By Krassen Nikolov
The corruption scandal with the Austrian far-right Freedom Party attracts the attention of Europeans just before the forthcoming EU elections. Austria and Bulgaria have something in common: the coalition governments with the participation of pro-Russian nationalists are in power in both countries. Bulgaria was actually the first to create such type of coalition.
How Bulgarian nationalists imagine the country
An army with special police powers, voluntary military service for the civilians (they do not insist on making it obligatory only because the budget would not be enough for it, since the infrastructure was destroyed), repression of the Roma minority, allowing the use of firearms in self-defense, tightening the conditions for granting pensions for people with disabilities. These are just some of the ideas for reforms of the United Patriots – the junior coalition partner of Boyko Borissov’s GERB.
A week ago, the Bulgarian parliament rejected the idea of the deputy prime minister and minister of defence Krassimir Karakachanov (he is the leader of the nationalist party VMRO, one of the three forces of the United Patriots) for granting special police powers to the army. Before the elections GERB is trying to compete with the nationalists’ initiatives because in recent months the government is in a constant crisis due to the corruption scandals.

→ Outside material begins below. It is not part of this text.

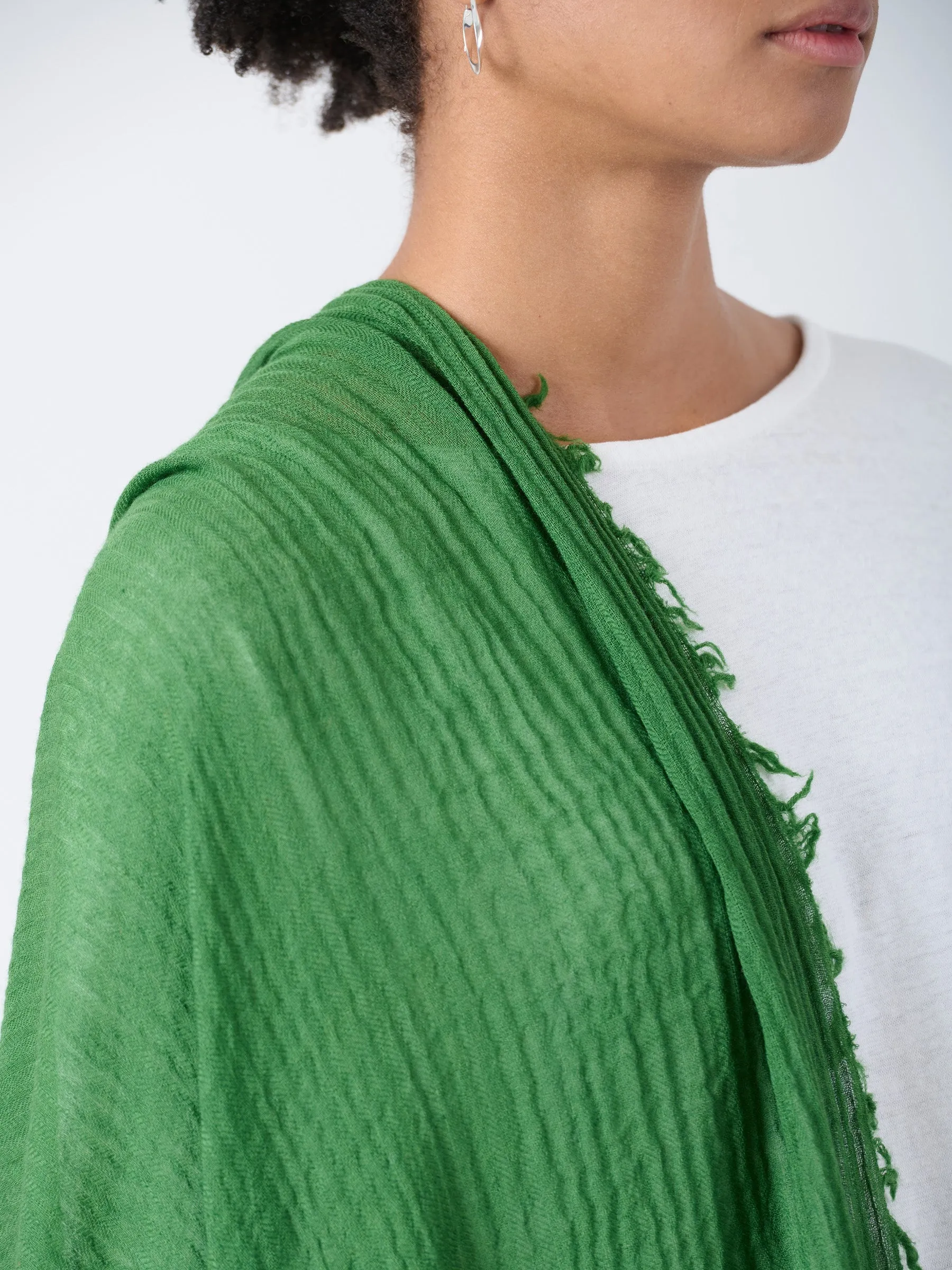 Fine Wool Crinkle Textured Wrap Scarves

The minister’s proposals for legislative amendments were opening a wide door for the army to be used in various cases, including during civil protests. The idea was the army to help the police if there were “high threats” for the population. The problem was that the nationalists did not specify exactly what threats they have in mind. And that could lead to arbitrary use.
“The army will not participate in operations of the gendarmerie department,” said Konstantin Popov (GERB) who is the chairman of the parliamentary defense committee.
Karakachanov gave birth to the idea of police powers for the army a year and a half ago. At that time the army illegally joined a special police operation in reaction to a domestic violence murder in thel town of Peshtera. Soldiers joined the search for a killer near Sofia too. And Karakachanov announced his proposal in the parliament – the army to be mobilised to help the police in such cases.
There are fears that the army can be used in the minister’s visits to Roma ghettos. In the past year, Karakachanov has initiated the destruction of dozens of Roma houses as a state response to criminal incidents.
In 2016, GERB allowed the army to guard the state border because of the migratory pressure on the border with Turkey and Greece. Legislative changes then allowed the use of force by the army in a very limited number of cases and only in self-defense. Therefore, they are not recognised as a risk to democracy in a country.
GERB tries to balance
Borissov’s party is constantly trying to soften the nationalist ideas, but this is not always possible. Two weeks ago, at first reading in Parliament GERB supported an idea of the United Patriots which aims at allowing the use of firearms in self-defense. The proposed law changes are so vague that they allow the use of weapons in virtually every street strife at night. The second reading of the amendments has been postponed after the EU elections.
According to unofficial information, GERB has given in temporarily so as not to worsen their relations with the nationalists before the elections. But after that, all the amendments are expected to be rejected.
At the beginning of the year, Karakachanov announced he is ready to resign and go into opposition if his Roma integration strategy is not accepted. The strategy of the nationalists plans undemocratic punishments such as forced labor, abortion promotion, and “limiting the birth rate of women from marginal communities” under certain conditions. The Roma integration strategy has not yet been adopted, and Karakachanov has not resigned either. Now he expects GERB to accept his idea of restoring the voluntary military service to civilians.
Karakachanov’s activism brings VMRO political gains. At the beginning of the year, it became clear that the three nationalist parties of the United Patriots coalition would not run together in the European elections. The first forecasts were that none of the three parties stood the chance to elect MEPs. However with its activism, VMRO seems to stand the chance to have at least one MEP in the next European parliament. The party’s slogan for the elections is in tune with its ideas and is openly militaristic – “We defend Bulgaria”.